For ease of description, temperature management being performed for any battery pack 2 is used as an example for description in this application. For example, during the test of the battery pack 2, the battery pack 2 needs to be maintained at a preset temperature value. This preset temperature value may be a specific value or a range of values. For example, in the foregoing seasonal test, the preset temperature value may be set to be lower than or equal to 38° C. For another example, the length, width, and height of the battery pack 2 in this embodiment of this application may be 450*650*1200, which are all measured in millimeters (mm), but this embodiment of this application is not limited thereto.

Specifically, as shown in FIGS. 2 and 3, the temperature management device 1 further includes a first valve 91 and a second valve 92. The first valve 91 is disposed between the outlet 202 of the condenser 20 and the first inlet 301 of the expansion valve 30, and the second valve 92 is disposed between the first port 11 and the inlet 101 of the compressor 10. When the first valve 91 and the second valve 92 are closed, the battery pack 2 is used to replace another battery pack and connected to the temperature management device 1. When the first valve 91 and the second valve 92 are opened again, the temperature management device 1 performs temperature management on the battery pack 2. In this way, the opening and closing of the first valve 91 and the second valve 92 can implement change of the battery pack 2 without wasting the refrigerant discharged from the condenser 20 or introducing impurities into the compressor 10. In addition, after the first valve 91 and the second valve 92 are opened again, the temperature management device 1 and the battery pack 2 can form a closed loop, and the internal refrigerant circulates in this loop, improving refrigerant utilization.

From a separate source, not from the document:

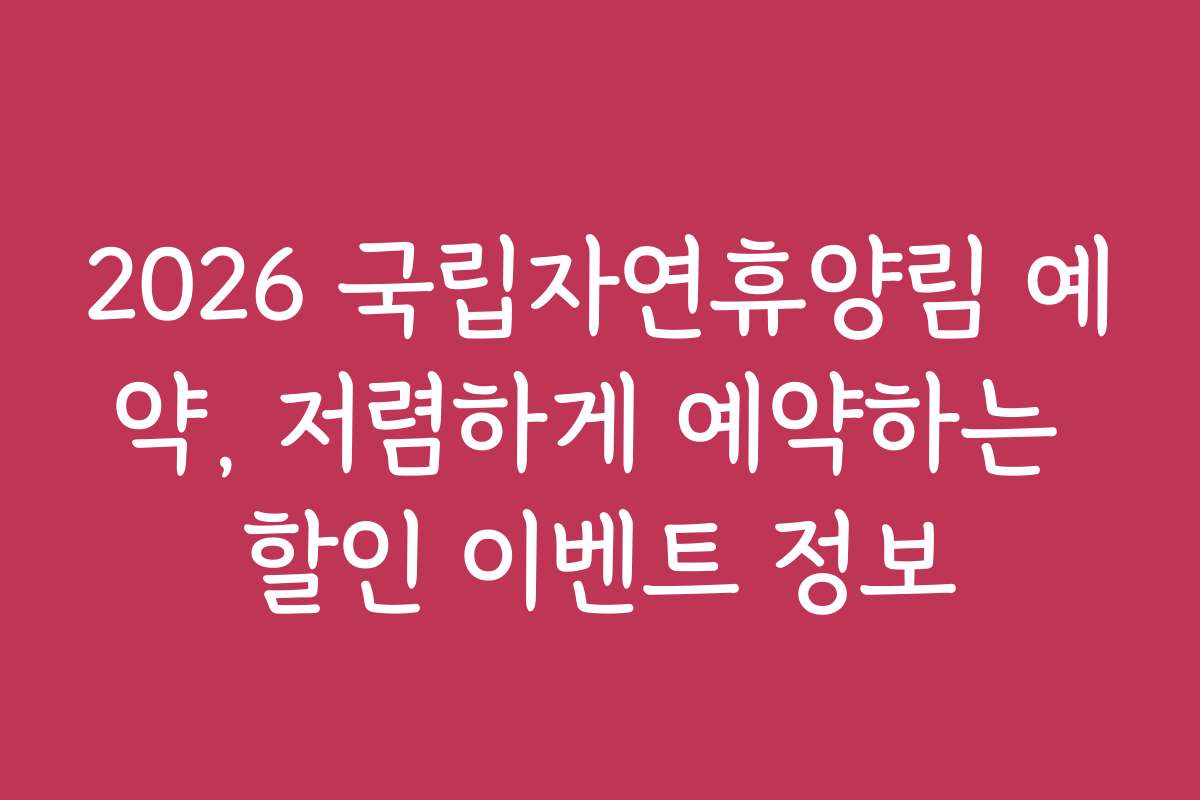 2026 국립자연휴양림 예약, 저렴하게 예약하는 할인 이벤트 정보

Optionally, when the first valve 91 and the second valve 92 are in a closed state, the temperature management device 1 can also be set to a closed state. For example, closing the compressor 10 and/or the condenser 20 can save power and prevent waste.

Specifically, the first valve 91 and the second valve 92 in this embodiment of this application can be implemented in various ways. In addition, the first valve 91 and the second valve 92 can be implemented in the same or different ways. For example, the first valve 91 in this embodiment of this application may include a first manual ball valve 911 and/or a first needle valve 912; and the second valve 92 may include a second manual ball valve 921 and/or a second needle valve 922. As shown in FIGS. 2 and 3, the first valve 91 and the second valve 92 can use a same valve for ease of operation.

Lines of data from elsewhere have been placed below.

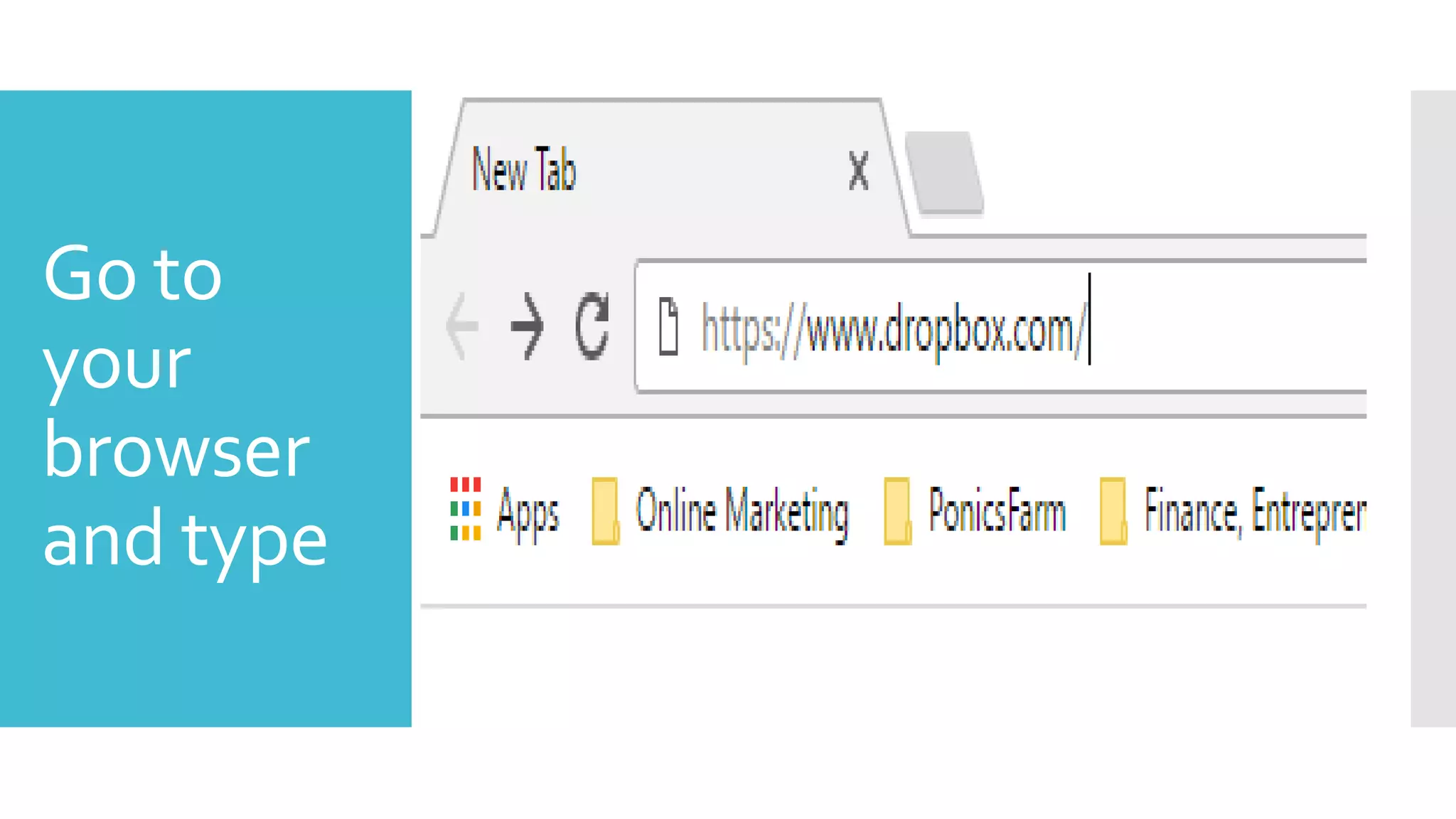 Go to
your
browser
and type
 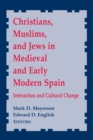Christians, Muslims, and Jews in Medieval and Early Modern Spain : Interaction and Cultural Change - Book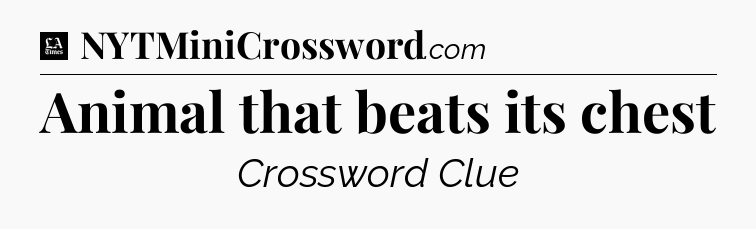 Animal that beats its chest - LA Times Crossword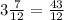 3\frac{7}{12} =\frac{43}{12}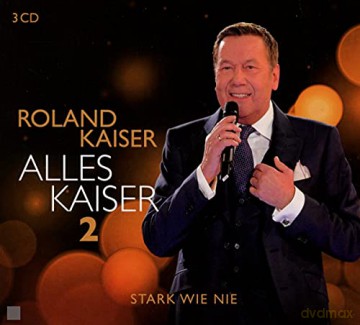 Roland Kaiser: Alles Kaiser 2 (Stark wie nie) [3CD]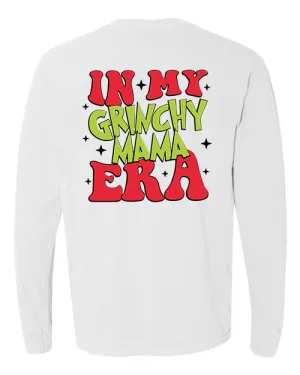 In My Grinchy Mama Era Double Sided Long Sleeve Tee - White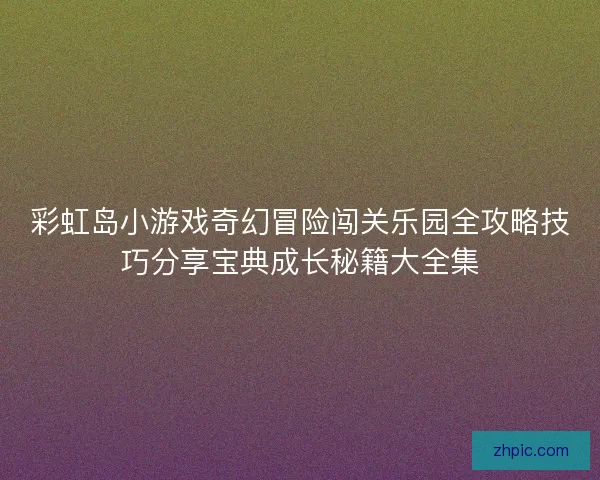 彩虹岛小游戏奇幻冒险闯关乐园全攻略技巧分享宝典成长秘籍大全集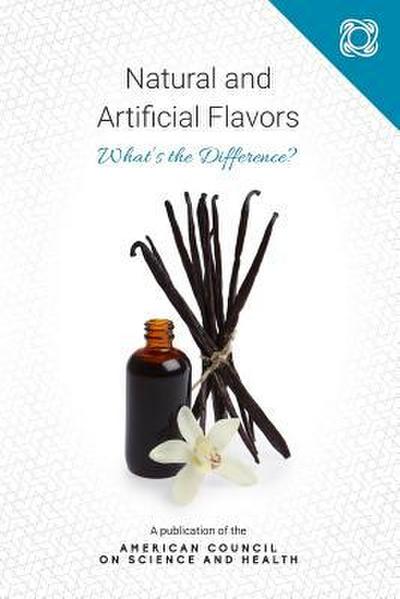 Natural and Artificial Flavors: What’s the Difference?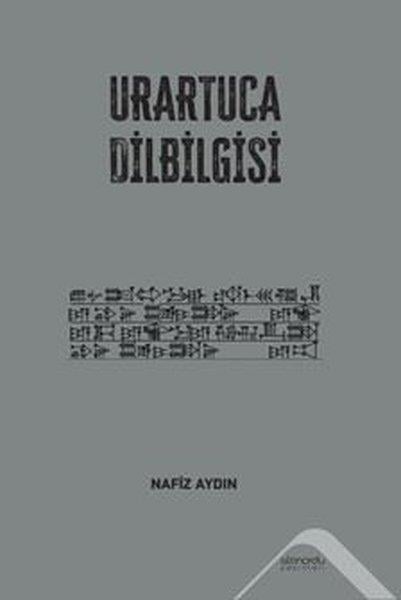 Nafiz AydınDil Bilimi - EtimolojiUrartuca Dilbilgisi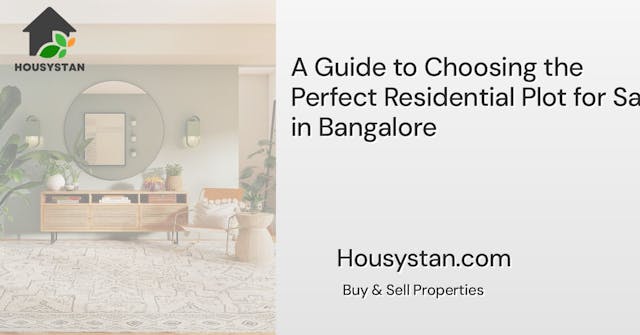 A Guide to Choosing the Perfect Residential Plot for Sale in Bangalore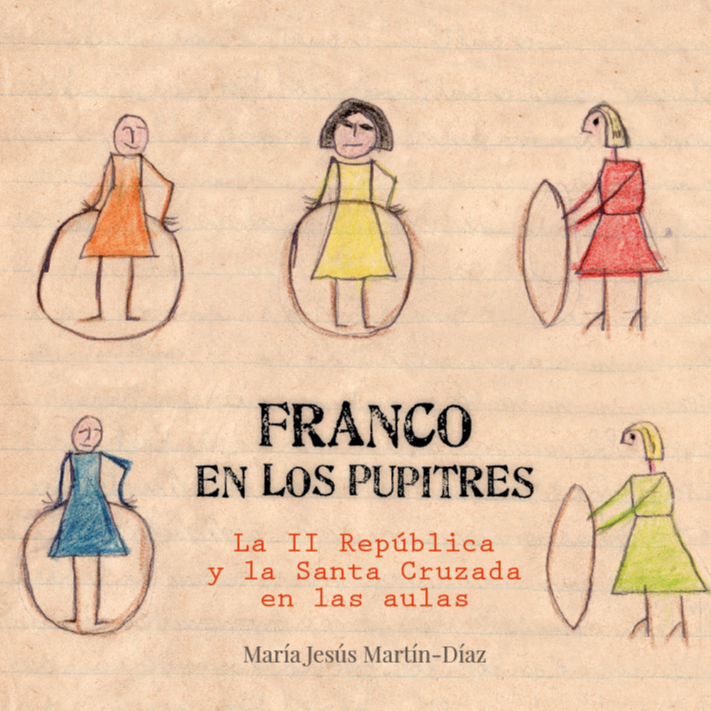 Imagen de Franco en los pupitres, la II República y la Santa Cruzada en las aulas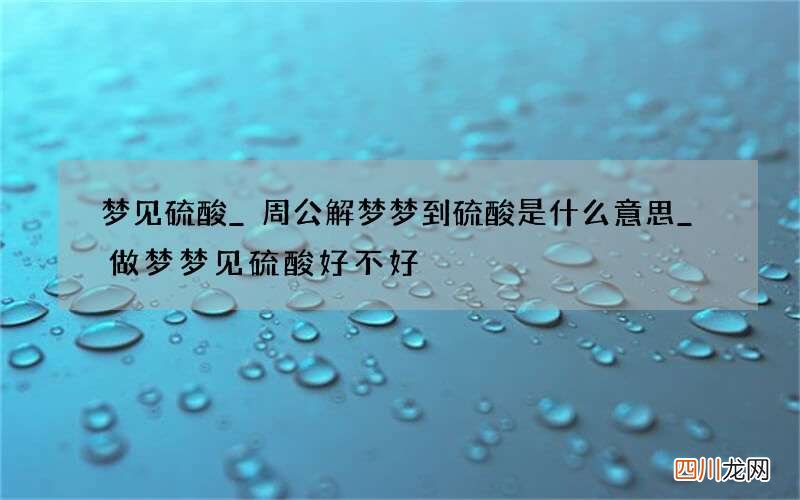 梦见硫酸_周公解梦梦到硫酸是什么意思_做梦梦见硫酸好不好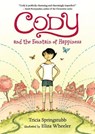 Cody and the Fountain of Happiness - Tricia Springstubb - 9780763687533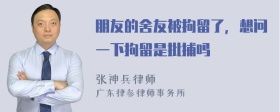 朋友的舍友被拘留了，想问一下拘留是批捕吗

For example, as shown in FIGS. 2 and 3, the first valve 91 may include the first manual ball valve 911, and the second valve 92 may include the second manual ball valve 921. After the first manual ball valve 911 and the second manual ball valve 921 are closed, the battery pack 2 may be used to replace another battery pack and then mounted, or the battery pack 2 may be dismounted and replaced with another battery pack. Alternatively, the first valve 91 may further include the first needle valve 912, or the second valve 92 may include the second needle valve 922. In this case, after the first manual ball valve 911 and the second manual ball valve 921 are closed, in the case of dismounting the battery pack 2 and replacing it with another battery pack, the first needle valve 912 or the second needle valve 922 may be connected to a refrigerant recycling machine to recycle the remaining refrigerant inside the battery pack 2. After the recycling, the battery pack 2 is dismounted and replaced with another battery pack. This allows the refrigerant to be recycled for reuse, avoiding refrigerant waste and environmental pollution.

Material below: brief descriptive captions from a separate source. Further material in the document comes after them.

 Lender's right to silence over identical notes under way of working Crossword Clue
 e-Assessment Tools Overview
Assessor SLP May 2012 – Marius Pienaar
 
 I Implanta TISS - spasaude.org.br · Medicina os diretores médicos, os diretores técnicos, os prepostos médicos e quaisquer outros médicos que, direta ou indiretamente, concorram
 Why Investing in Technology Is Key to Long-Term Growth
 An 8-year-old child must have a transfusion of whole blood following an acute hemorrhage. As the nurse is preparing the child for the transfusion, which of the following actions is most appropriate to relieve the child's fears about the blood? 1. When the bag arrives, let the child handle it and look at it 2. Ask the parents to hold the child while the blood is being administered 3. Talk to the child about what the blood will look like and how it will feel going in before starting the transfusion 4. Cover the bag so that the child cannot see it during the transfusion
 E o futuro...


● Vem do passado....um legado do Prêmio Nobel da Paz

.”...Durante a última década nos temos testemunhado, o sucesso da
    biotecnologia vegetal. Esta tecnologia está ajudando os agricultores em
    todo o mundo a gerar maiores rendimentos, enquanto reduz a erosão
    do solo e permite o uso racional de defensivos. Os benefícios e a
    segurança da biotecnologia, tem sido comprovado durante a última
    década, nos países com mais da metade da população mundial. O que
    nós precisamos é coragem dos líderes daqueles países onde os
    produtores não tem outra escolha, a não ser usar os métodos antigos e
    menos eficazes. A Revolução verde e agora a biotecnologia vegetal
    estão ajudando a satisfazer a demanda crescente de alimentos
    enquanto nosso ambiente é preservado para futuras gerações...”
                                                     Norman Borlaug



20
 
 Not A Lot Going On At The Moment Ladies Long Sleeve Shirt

Optionally, the temperature management device 1 in this embodiment of this application may further include a vacuum assembly. The vacuum assembly is configured to evacuate the battery pack 2 after the battery pack 2 is connected to the temperature management device 1 and before the first valve 91 and the second valve 92 are opened again. Specifically, as shown in FIGS. 2 and 3, when the first valve 91 and the second valve 92 are in a closed state, to be specific, when the first manual ball valve 911 of the first valve 91 and the second manual ball valve 921 of the second valve 92 are both in a closed state, after the battery pack 2 is connected to the temperature management device 1, the vacuum assembly may be first used to evacuate the battery pack 2 to remove excess gas from the battery pack 2. For example, the vacuum assembly may be connected to the first needle valve 912 of the first valve 91 and/or the second needle valve 922 of the second valve 92, and the battery pack 2 is evacuated through the first needle valve 912 and/or the second needle valve 922. In this way, after the first valve 91 and the second valve 92 are opened again, to be specific, after the first manual ball valve 911 of the first valve 91 and the second manual ball valve 921 of the second valve 92 are opened again, in the process of the temperature management device 1 performing temperature management on the battery pack 2, only the refrigerant circulates in the closed loop formed by the temperature management device 1 and the battery pack 2, avoiding the influence of other gases and improving the cooling effect of the refrigerant and system stability.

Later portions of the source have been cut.